On a trip to West Baltimore to see the Edgar Allen Poe house, a group of CCSJ staff and I were stopped by some women outside their houses on the street of the Poe house. They were watching their children play. “Ya’ll better be careful on this street,” they said and pointed, “It’s over there.” Just by looking at the group of us college students, they knew that we were headed to the Poe house. What do I have, “white-privateschool-middleclass-IdoNOTbelonghere” tattooed on my forehead? And why should we be careful, while their children play outside? “There were shootings this morning,” one said. While I watched them play outside, I felt like a foreigner in the city I grew up in. As O’Connell demonstrated when he returned to New York with tattoos, it’s easy to feel as if you are the “other” when you have markings that no one else around you has. So what are these markings that set me apart?
Well for one, its certainly clear that I’m a white female. My cleanliness, clothing, accessories, even my hairstyle might suggest that I’m middle-class. I’m not sure exactly what the women picked up on, but one look at me, and they knew I wasn’t from a West Baltimore neighborhood. I had signs that marked me as a foreigner. But a couple miles away in the Whole Foods downtown, I am accepted as a part of the community. I even experimented, trying to be different: wearing sweats, sporting greasy hair, and taking full advantage of every food sample that the grocery store had to offer, the workers at Whole Foods had no suspicions about my appearance or behavior. I was clearly a native to that territory.

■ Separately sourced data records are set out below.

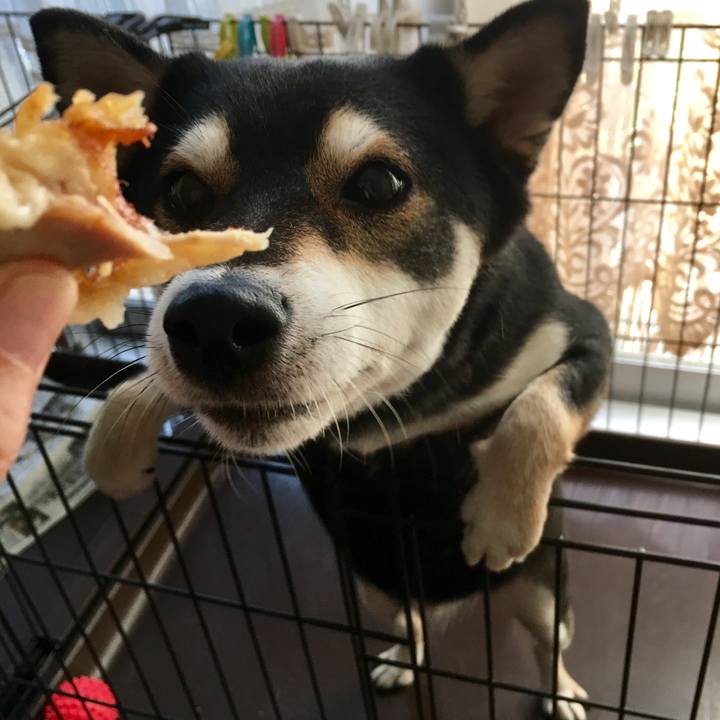 Dcec62fe 5614 43f9 b755 a43a06d6c055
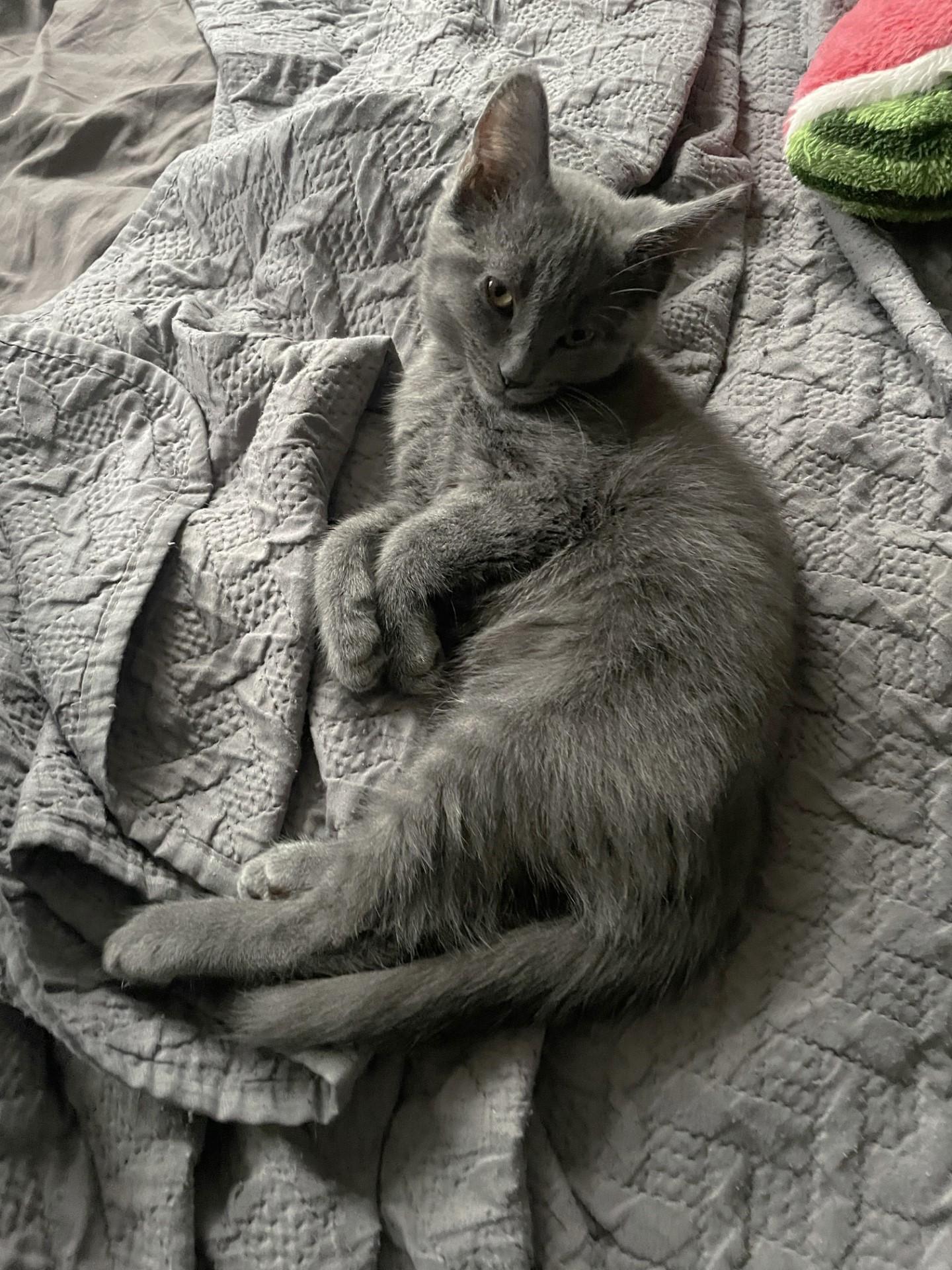 Enlarge Azure, an adopted Domestic Short Hair in Puyallup, WA image 2/5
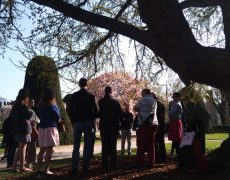 Le rosaire pour la vie les perturbe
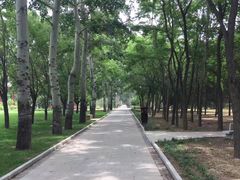 -北京麋鹿生态实验中心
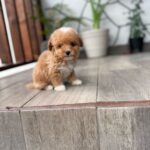 Teddy (Maltipoo) 3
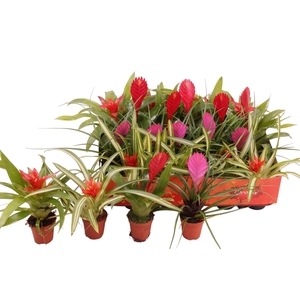 BROMELIA GEM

Though O’Connell’s tattoos might be slightly more conspicuous, we all have distinct physical markings that show who we are and where we’ve come from. IN fact, O’Connell’s other obvious traits that made him separate from the Islander community (his skin color, appearance, etc.) may have been one of the reasons the tattoos would have been necessary. I often think about my “markings” when I visit Cristo Rey. There, I am clearly set apart from the students, because of my age and race, but also because I don’t have a uniform and I’m dressed in business casual and I have a plastic nametag that says “Ms. Rose Miola.” I find that these differences contribute to a separation between my tutee and I, probably so that the students respect me. Yet this separation makes me uncomfortable. It seems to reinforce this way of thinking that I want to avoid: this superior-inferior, teacher-student relationship in which one person (me) clearly knows more and is higher than the other. I feel like I’m saying, “Here I am, this white preppy girl, coming in to show you how to do your homework.” I feel that service should be different than this, that something about my approach needed to change. As Rachel Neohman encourages in her article “Helping Versus Serving,” I want to engage with the other on a human level. Rather than solely focusing on my tutee’s struggles, I want to connect with my own struggles, and then serve my tutee out of my own darkness.
The answer is relationship. Not a relationship of superiority, but a friendship. Asking my tutee questions about her life. Joking. Repetitive visits. Complimenting her style in accessories, while at the same time ignoring her difference in appearance. Sure, O’Connell and I both have experienced the situation in which our physical markings allow us to be accepted or isolated, inferior or superior. Yet, I imagine that the important part for O’Connell’s tattoo was not the tattoo itself on face value, but rather the relationships it represented. The tattoo was a physical manifestation of the fact that he entered into a community, engaging with the people on a human level, sharing in their custom.
There’s no question that because of our different life experiences I have markings that are different from my tutee, Ashley. Yet though I will never wear bear the markings of having grown up in Baltimore city and I will never wear a Cristo Rey uniform, I can still enter into that world with relationship. Maybe as I share my laughter, thoughts, compliments, and instruction on Physics, I will take on a part of their culture.